Ailmon cleared his throat. “The next guild informant to die was a fellow named Corwin, who was found in his bed with his throat slashed. He was found three days ago. And finally, there was Sargon. Now, the question is if these are all the victims there are? There might be other murders not being noticed because the victims just weren’t guild informers. Especially since the first murder, Nester, was not committed with a knife. That seems strange. Like it wasn’t the same person doing it.”
“Maybe he was just warming up?” Naia suggested.
“Perhaps. We might learn more when we get there. So, where do we start? Do we go by geography and pick the closest location, or do we work backwards or forwards?”
“The brothel won’t be open until this evening, and we want to go there during opening hours, right? It would be impolite to barge in when night-working professionals are asleep,” Naia said.
“Good point,” Shale said. “Well, we already started with the latest, maybe the second latest would make sense? We work our way backwards? That would be Corwin.” She glanced at Sef’s list. “Corwin Notary,” she read out loud. “Supplied us with information on societies focused on the redistribution of wealth in the area.

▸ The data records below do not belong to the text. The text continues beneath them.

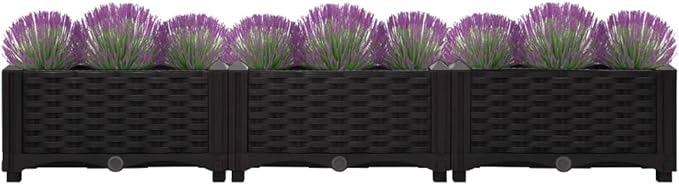 Raised Garden Bed Polypropylene Planter Box Raised Bed Planting Container Indoor Outdoor Vegetables Herbs Flowers Growing Planter Box 47.2x15.7x9.1 Polypropylene Black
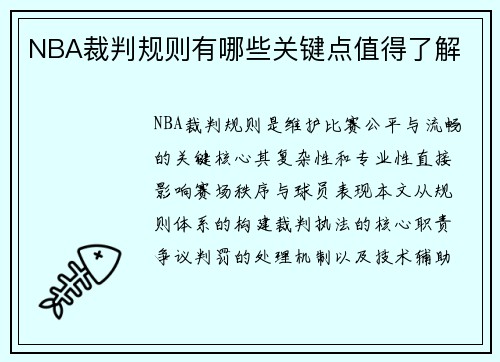 NBA裁判规则有哪些关键点值得了解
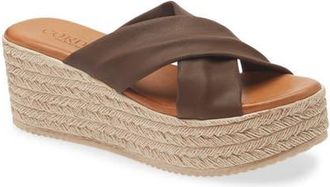 Cordani Bella Espadrille Wedge Sandal in Brown Leather at Nordstrom, Size 6.5Us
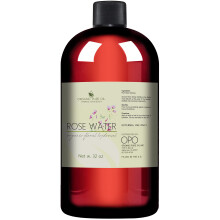 32 oz Rose Hydrosol Water - 100% Pure Rosewater Spray Mist Bulk - Hydrating Face Toner Rose Water for Skin and Hair Linen Spray for Sheets Room F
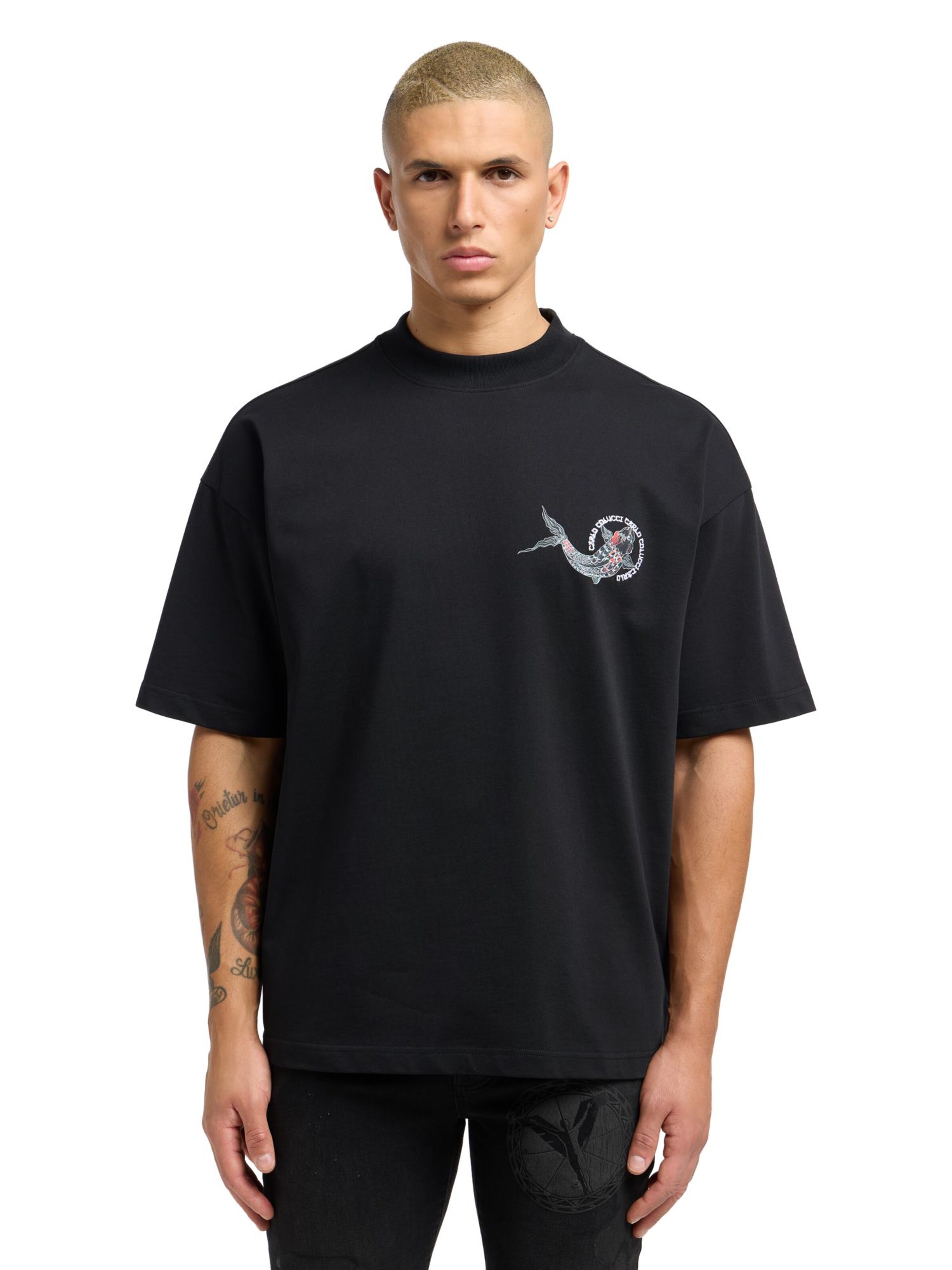 Carlo Colucci Shirt 'Dorio' in Zwart: voorkant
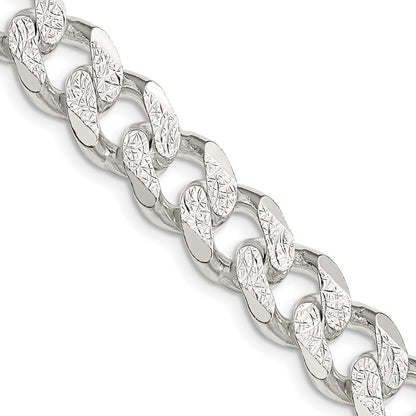 Sterling Silver 11.0mm Pav� Curb Chain Necklace 20"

Found three days ago in his apartment on Murder Street number six - I’m not even kidding - with his throat cut.” She folded the note and put it in her belt pouch.
“As good a place as any to start,” Aran said. “And he was lodging in a house on Murder Street. That sounds ominously fortuitous for us.”
“Indeed,” Ailmon said dryly. “Wallsen charm comes in many flavours. Perhaps, however, we should consider Naia's expertise?” He raised an eyebrow and looked at Naia.
“Oh, no! I’m not doing that! I would have to go back down there and that’s not happening unless it’s absolutely necessary.”
Aran looked at her and then back at Ailmon, feeling like some sort of communication was happening between the two that he wasn’t invited to.
“Alright,” Shale interrupted. “Let me just see if I can find Ibbi before we go. He might be able to tell us, what he saw,” Shale said and went to the bar.